The Kaplan–Meier analysis revealed that PENK expression was closely associated with the OS and RFS of GIST patients. GIST patients with low PENK expression had worse OS and RFS than those with high expression. Therefore, we concluded that PENK is a predictor of favorable survival rate (OS and RFS) in GIST patients.

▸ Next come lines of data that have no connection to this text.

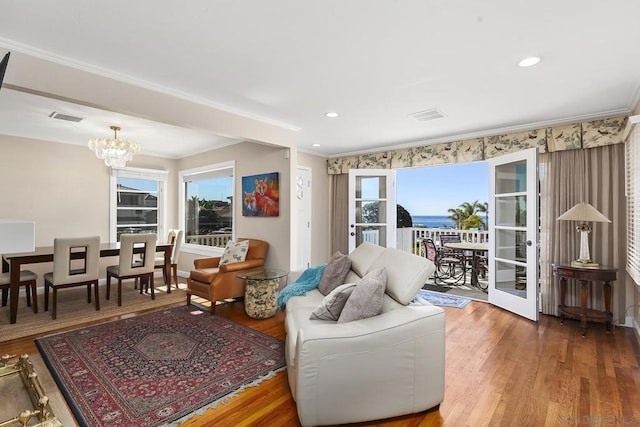 living room featuring plenty of natural light, wood-type flooring, ornamental molding, and an inviting chandelier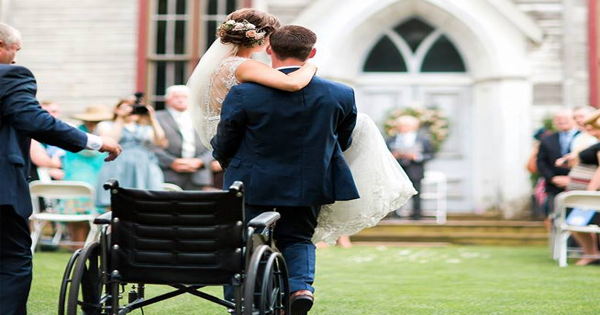 After A Car Crash Leaves Her Incapable Of Walking Down The Aisle, Her Groom Carries Her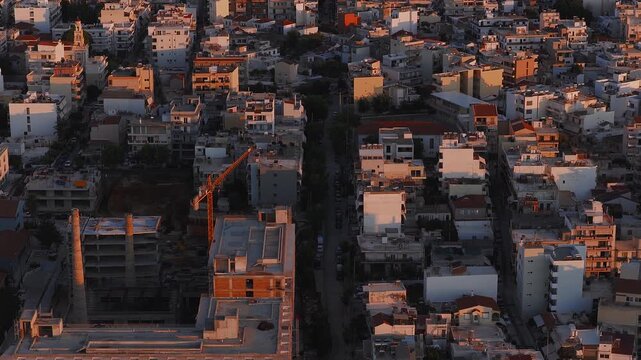 Aerial view of Chania town in Crete, Greece, with a slow pan revealing urban architecture, the White Mountains, and warm golden hour lighting.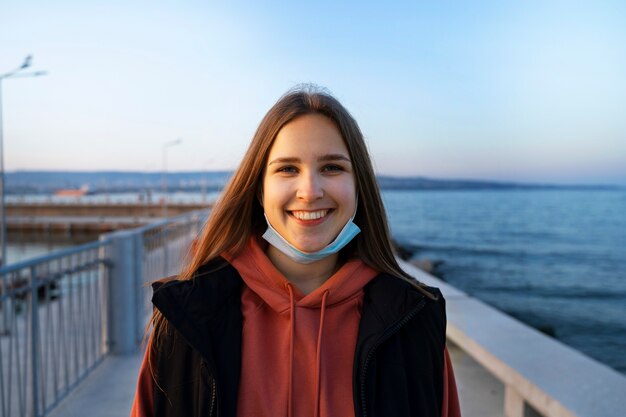 Front view smiley woman at seaside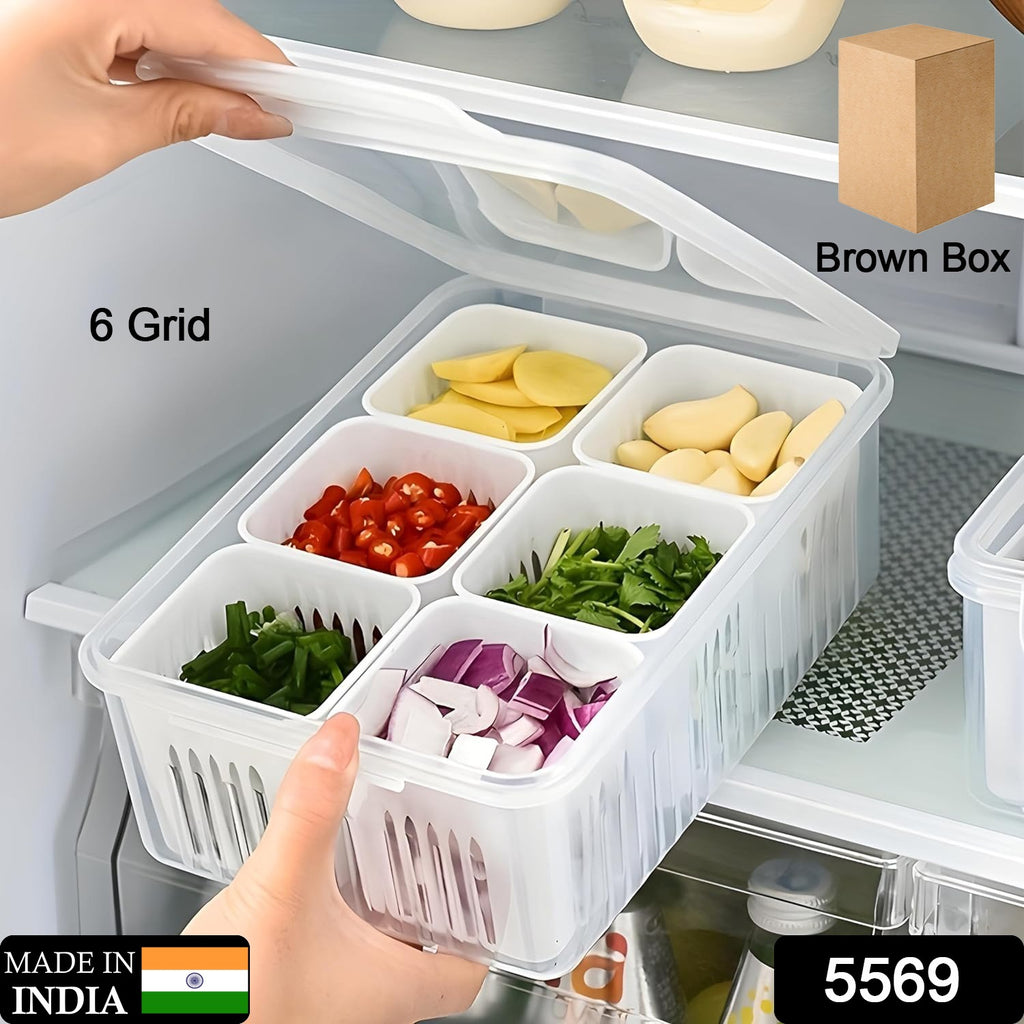 Clear fridge storage box set with draining crisper, full of fresh vegetables and fruits
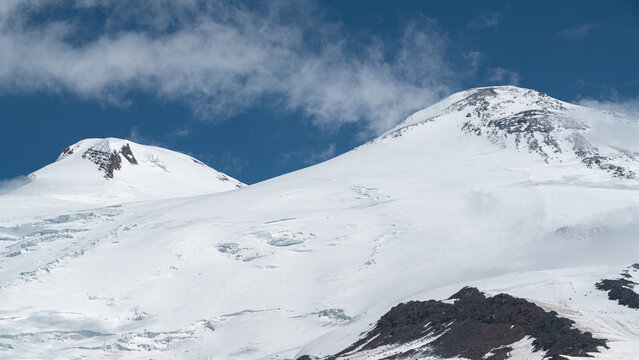 Snow-covered mountains Elbrus under a blue sky in summer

Univariate and multivariate Cox regression analyses also showed that high PENK expression was significantly associated with favorable survival rate (OS or RFS) in GIST patients. As a result, PENK was shown to be an independent predictor in the overall GIST population. In addition to mitotic rate, tumor size, and localization, which are used for the NIH risk grade classification, PENK expression may also play an important role in the risk grade classification of GISTs. The great clinical value of PENK in predicting the recurrence risk of postoperative GIST patients may contribute to improving clinical therapeutic effects.

Conclusion

In this retrospective study, we found that high PENK expression was associated with better OS and RFS in GIST patients and that PENK was an independent predictor of OS and RFS in the overall GIST patient population. These results indicate that PENK may be negatively associated with GIST progression. Detection of the PENK expression level in postoperative patients might therefore improve therapeutic decision making for these patients. However, the molecular mechanism of PENK in GIST deserves further investigation.